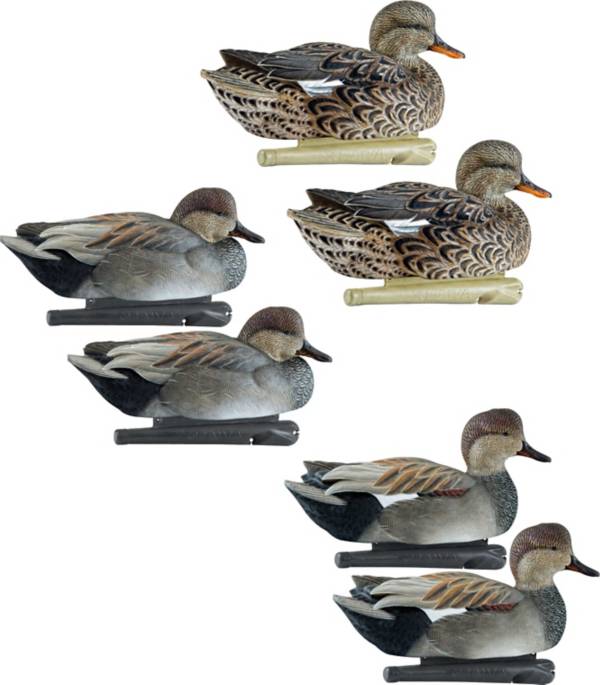 Avian-X Top Flight Gadwall Decoys - 6 Pack
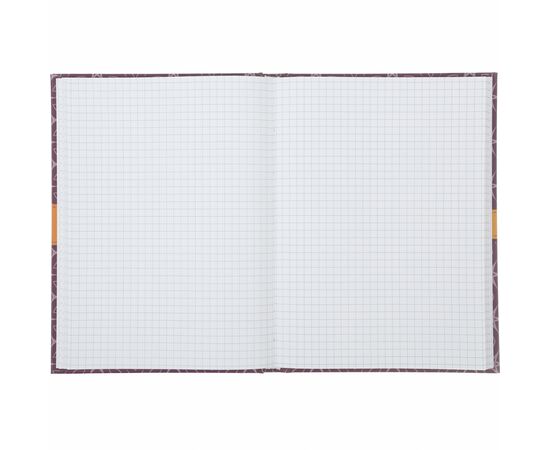 Блокнот Buromax Intenso А5 96 листов в клетку с твердой обложкой черный (BM.24511105-01), изображение 2 Блокнот Buromax Intenso А5 96 листов в клетку с твердой обложкой черный (BM.24511105-01), изображение 2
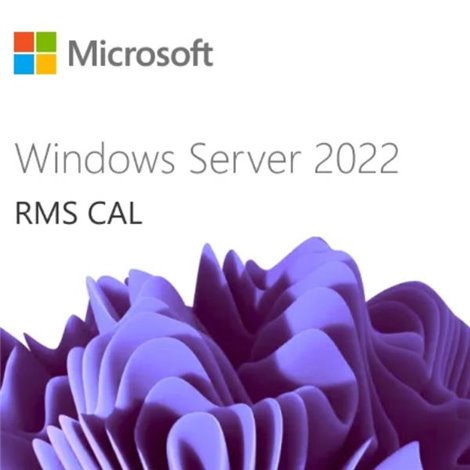 Microsoft WIN SRV 2022 RMS CAL 1 USER 1 YEAR
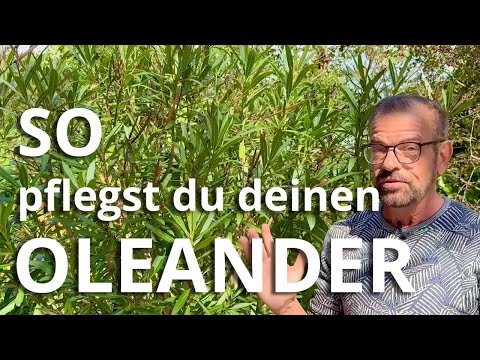 SO pflegst du deinen OLEANDER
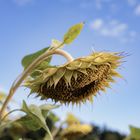 Der Sommer geht dem Ende entgegen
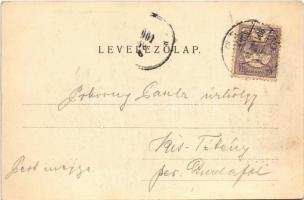 1901 Visegrád, part részlet. Divald Károly 360.(EK)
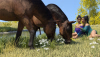 horses-1.png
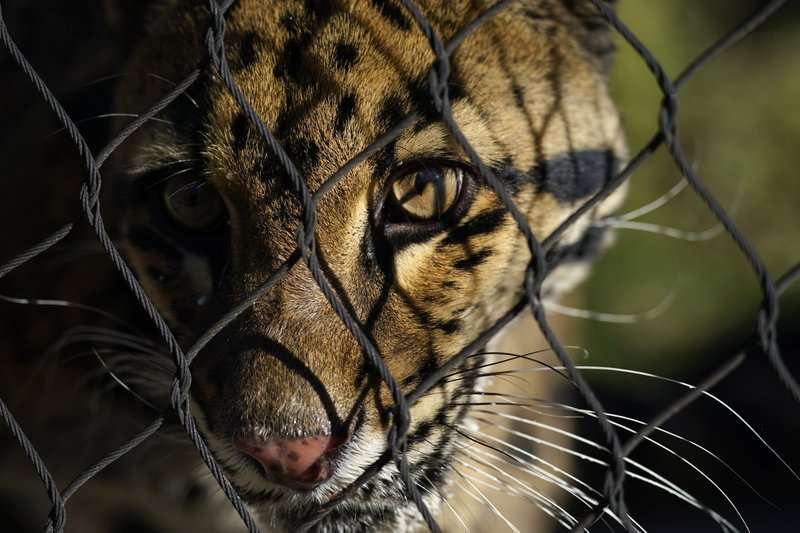 Planifikohet vaksinimi i kafshëve në kopshtin zoologjik të Denverit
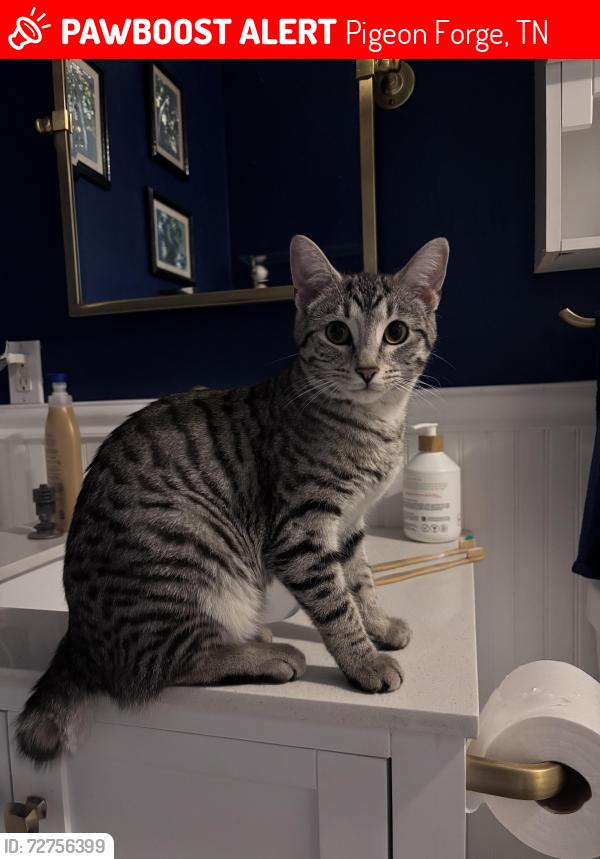 Lost Female Cat last seen Wilhite Road and Spurgeon Hollow, English Mountain, Pigeon Forge, TN 37876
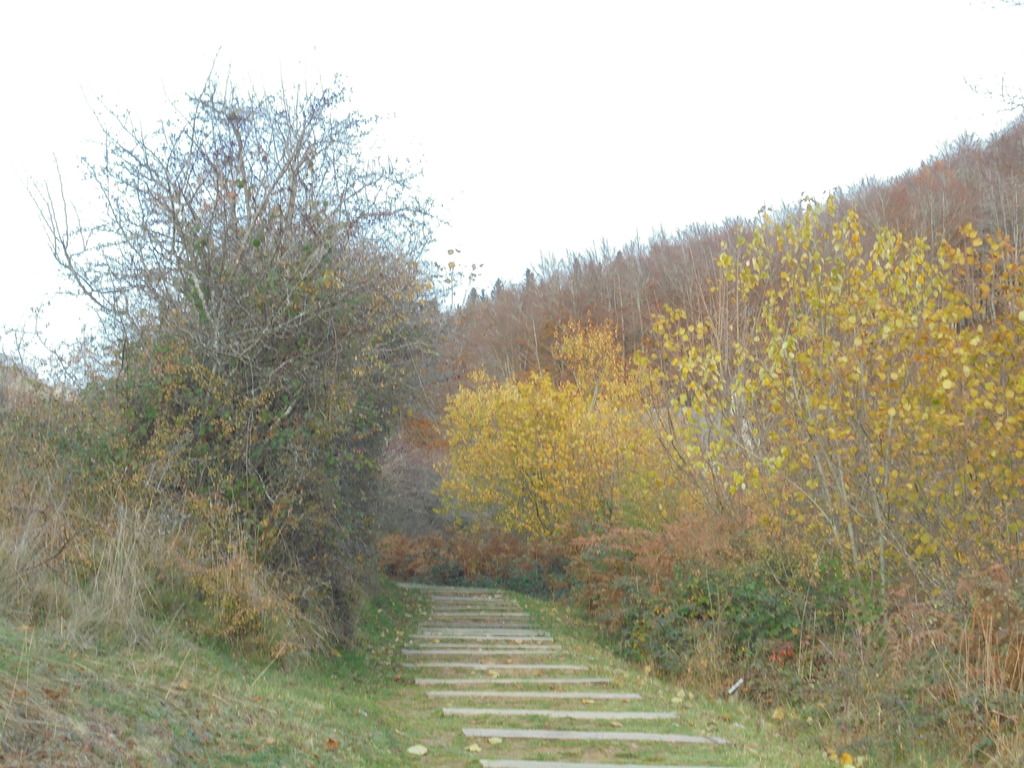 photo SELVA IRATI - PICO ORHY 19-11-16 299_zpsv16cg68c.jpg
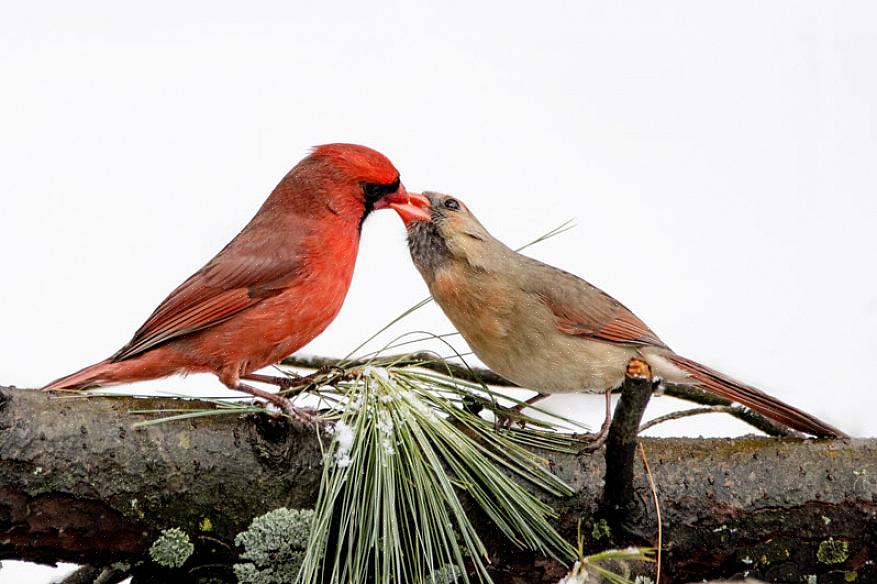 Nordlige kardinaler migrerer ikke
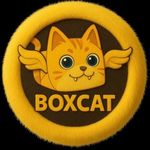 Boxcat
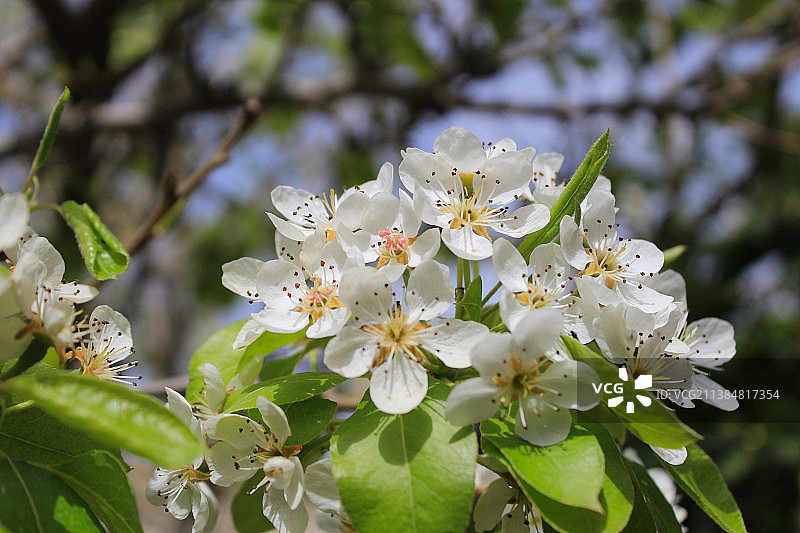 绽放的美味II：西班牙阿利坎特奥里韦拉的白色樱花特写图片素材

▶ What is required: Could you retype exactly, and only, the lines running from the one with "photo SELVA IRATI" to the last line of the listing, while leaving any pictures out?

▶ Answer for the task:
 photo SELVA IRATI - PICO ORHY 19-11-16 299_zpsv16cg68c.jpg
 Nordlige kardinaler migrerer ikke
 Boxcat
 绽放的美味II：西班牙阿利坎特奥里韦拉的白色樱花特写图片素材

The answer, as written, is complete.